The texts in their original form (marked with o) make up the basis of the corpus. The normalised form (marked with n) is only available for a subset of the corpus. In addition, some texts have morphological annotation (marked with a), meaning that the stem and morphological analysis of the normalised form are available as well. The list of the morphological codes applied in the morphological annotation is available via the Morph link. You can see if a text has normalised version (n) or even an annotated version (a) in the drop-down menu next to the Text label.
The Interpretation, Verbal prefix (a detached verbal prefix/preverb/verbal particle which is connected to its verb) and Remark fields are filled in only in some cases.
You can use the drop-down menus next to the labels to specify whether the given string is the start/ending/part of a word form. Regular expressions can also be used in the text fields. The special characters occurring in the original form can be selected from the drop-down menu placed to the right of the Original field. This list contains all the special characters of the corpus.
The Format field allows to choose how the hits should be displayed by the query interface. The frequency list can only be made from the result words, the context of the word is ignored here. In the case of concordance, each hit is shown with its context, one below another, and its exact position in the corpus is marked as well.
At the Display field, you can choose what kind of attributes you are interested in, from those which are assigned to the word forms of the corpus.
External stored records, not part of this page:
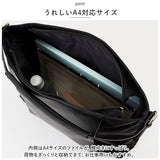 レガートラルゴ トートバッグ LI-E1592 通販 Legato Largo トート バッグ トートバック レディース 大きめ ファスナー付き 通勤 通学 A4 撥水 はっ水 異素材 切り替え ツートン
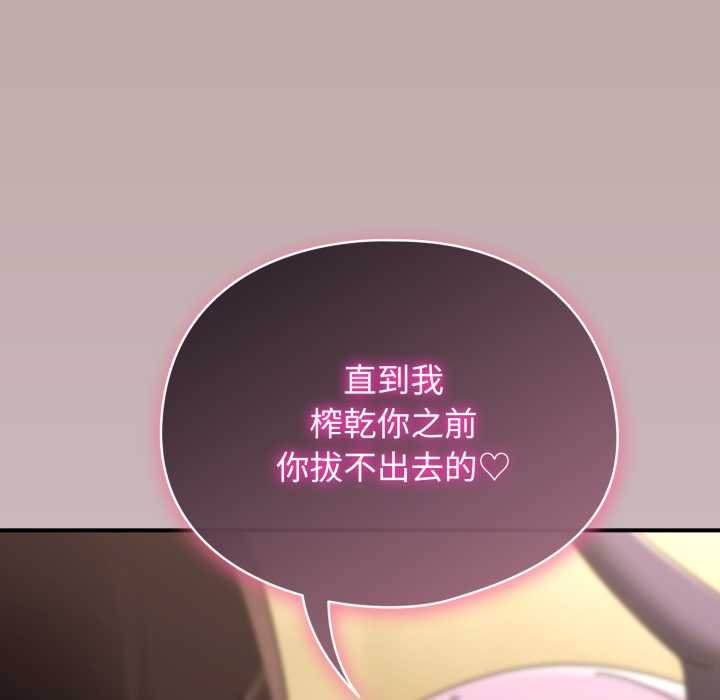 硬也要拍完第33話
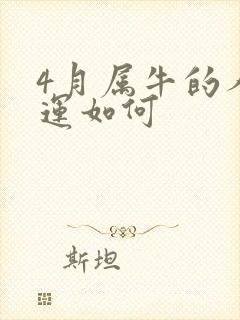 4月属牛的人命运如何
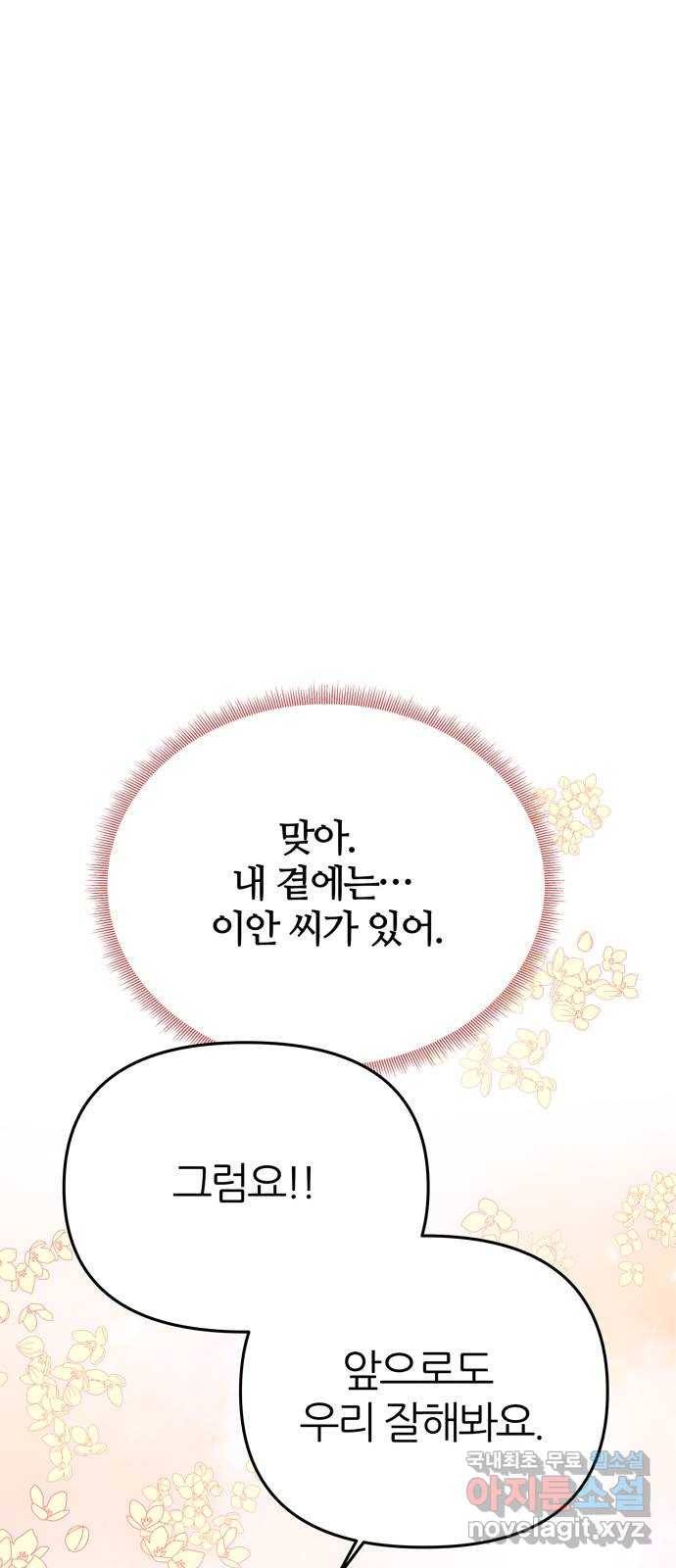 NG불가 53화 자각 52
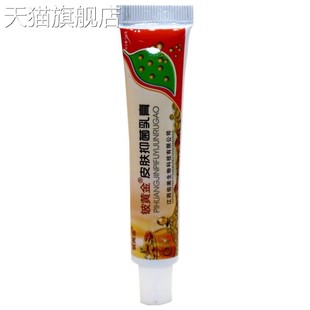 铍白金皮黄金抑菌乳膏皮白金草本乳膏铍黄金乳膏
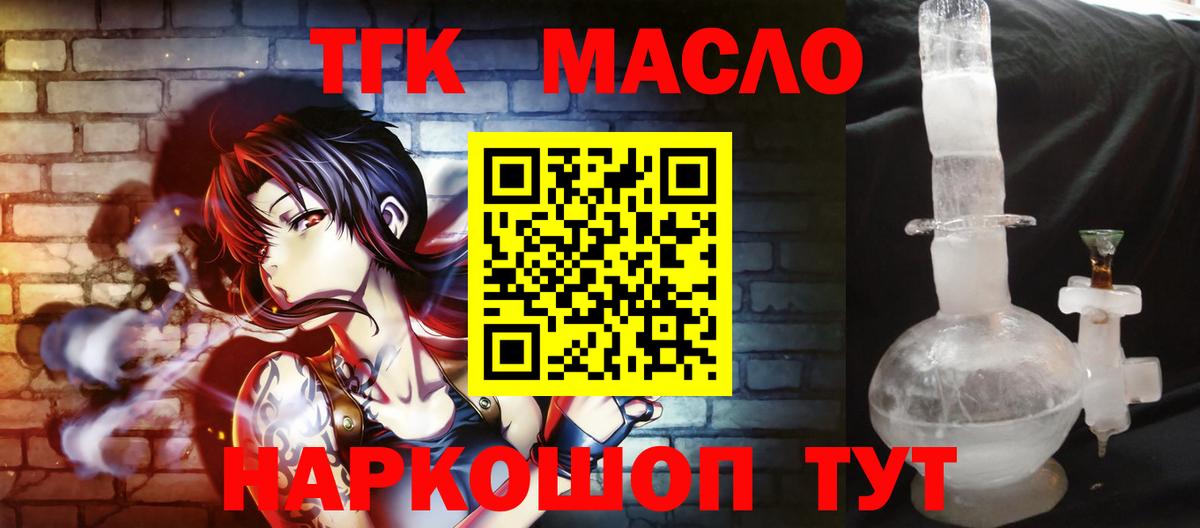ТГК вейп с тгк  Вход с VPN  ТГК THC oil  Муравленко 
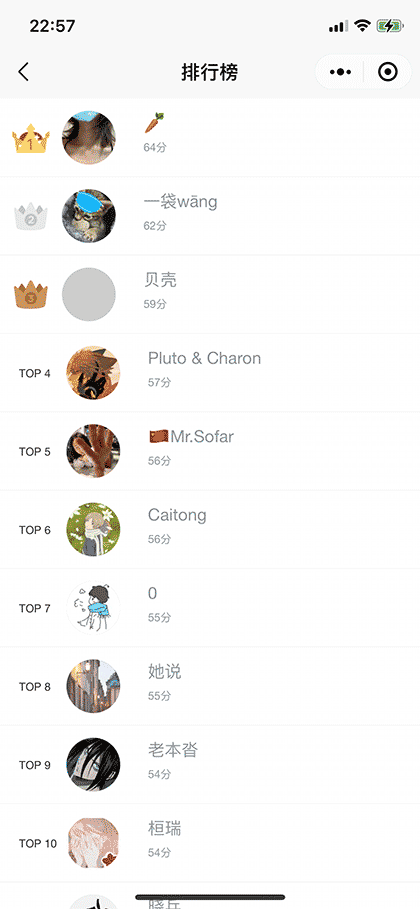 挑战像素眼截图3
By default, all information is displayed in tabular form. If you would like to get a text which is easier to read/copy/print, you may want to choose only one attribute, usually the original form.
The Context field makes it possible to view a larger context of an already found passage. In order to use this function correctly, you need to enter the ID of the given passage in the Identifier field.
Using the Text field, the search can be restricted to a given text. Codices are listed in the first place, followed by the Middle Hungarian Bible translations and other shorter texts.
The figure below shows the beginning of a concordance which contains word forms starting with megk (query: start of the original form = 'megk').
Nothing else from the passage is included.